Monday, 30 January 2012 00:00 -     - {{hitsCtrl.values.hits}}

FIRST it was refusal to give land and police powers, then it was proposing the appointment of a senate and then it was approval of only land authority – Media Minister Keheliya Rambukwella has been particularly inventive over the last few weeks in changing the stance of the Government.

This, together with External Affairs Minister G.L Peiris’ announcement that the Lessons Learnt and Reconciliation Commission (LLRC) report will not be presented at the next UN meeting, has put a question mark on what the Government’s next move will be.

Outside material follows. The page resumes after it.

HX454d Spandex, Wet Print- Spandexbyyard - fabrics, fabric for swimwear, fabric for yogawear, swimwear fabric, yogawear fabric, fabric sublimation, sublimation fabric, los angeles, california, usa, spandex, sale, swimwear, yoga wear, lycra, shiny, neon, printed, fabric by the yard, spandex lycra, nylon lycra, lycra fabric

The Government’s familiar modus operandi of simultaneously playing to two audiences through a ‘President proposes; the ideological machinery disposes’ formula was evident in the rhetoric surrounding the visit of the Indian Foreign Minister. Denials by Peiris that talks with the TNA have ended were exercises in sophistry, befitting his track record.

While Krishna asserted that the President had committed to a “13th Amendment Plus” with regard to a political accommodation of Tamil concerns and Minister G.L. Peiris seemed to be in agreement, others in the Government spoke vehemently against it. JVP’s Trade Union Leader K.D. Lalkantha analysed these contrary events as a “film directed by the Government”.

The modus operandi is evident in the bilateral talks with the TNA as well. The Government’s negotiating team publicly offers to discuss the devolution of land and police powers, while the ideologues are unleashed to condemn it and describe the TNA as being a spoiler for bringing it up.  

While the Government claims it is committed to continuing talks with the TNA, it has changed the meaning of that claim to mean continuing talks in the multilateral platform of a Parliamentary Select Committee (PSC), which the TNA in a statement in December said it had only agreed to join once the bilateral talks ended with an agreement that could be submitted to the PSC.

Even though Prof. Peiris at a press conference on Thursday pledged to implement the LLRC proposals as soon as possible, the change in the Government’s stance towards not presenting the report to the UN could undermine the credibility of the report. The very fact that initial reports from the UK and US criticise the report for not adequately dealing with the question of accountability could be one reason for the Government not to want closer scrutiny. Moreover, if any response is made from the international community, the Government would be under greater pressure to ensure that a wider process for reconciliation is implemented.

With all these different balls in the air, the Government is under stress to keep talks with the TNA going while keeping the LLRC report in the limelight to emphasise on the actions that are being taken. The key question of land and police powers were dealt with by Economic Development Minister Basil Rajapaksa, who pointed out that the Government has no problem with giving land to the landless people in the north and protecting the people with the police, lending a rather flippant solution to the issue.

What happens next will depend on India’s actual leverage, the Government’s felt concern about being challenged at the UN Human Rights’ Council in March and what the TNA will resolve about the PSC when bilateral talks are concluded or continued without a substantive agreement.